Darrin Free

Adapt, Improvise, Overcome

Highly commended

2020
ink and watercolour on paper
60 x 42 cm each 

Artist statement

Three ideals I learnt as a young recruit at Kapooka 1989. Three works of watercolour and ink tell a story from my life as a soldier.

Adapt: A boy from Tasmania, I deployed to Somalia 1993. Nothing could have prepared me for what I would experience. Red represents The Stranger’s blood that covered me. I could not save him. I carried many wounds with me from Africa.

Improvise: Back home the nightmares begin. I’m told “Harden up, sunshine.” Black portrays the heavy burden of depression and responsibility. Edges are fraying, darkness spilling out. I must not fail. I soldier on for 20 years.

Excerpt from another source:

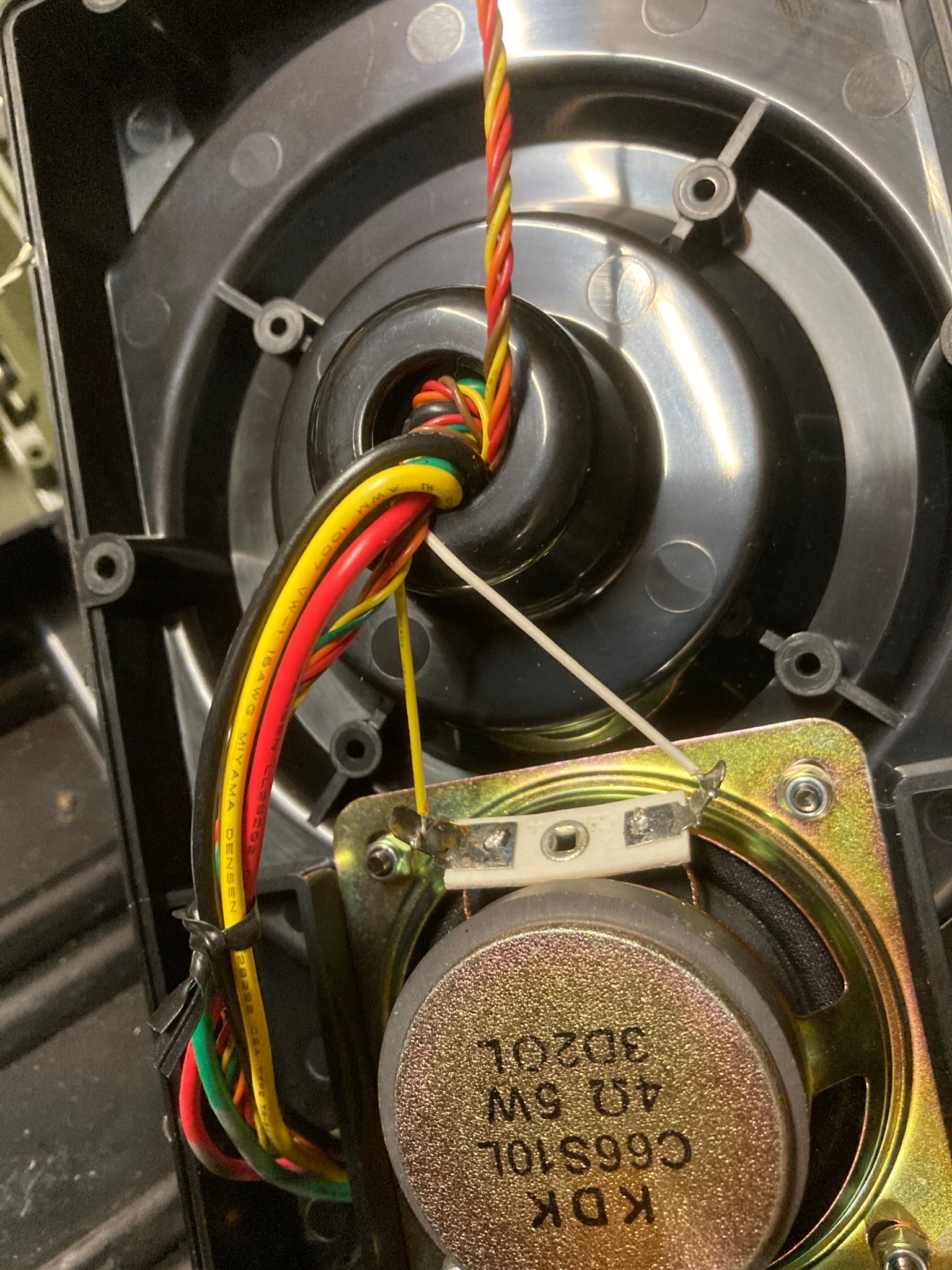 The speaker wires were tight enough to bend the mounting plate upwards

Overcome: Get help or lose your family. My service ended in 2014. This represents me unpacking and looking at service life, which was incredibly hard to do. Individual segments, tidy until deployment, where fracture occurred and parts of me were lost. Grains of wheat are shown, food I distributed in Somalia and East Timor. Ward 17 Repat, where a new path emerges. My journey continues from Soldier to Artist. Drawing is meditative, cathartic and healing. The final segments are evolved, bigger and stronger. They symbolise becoming whole again, remembering the past while embracing the future.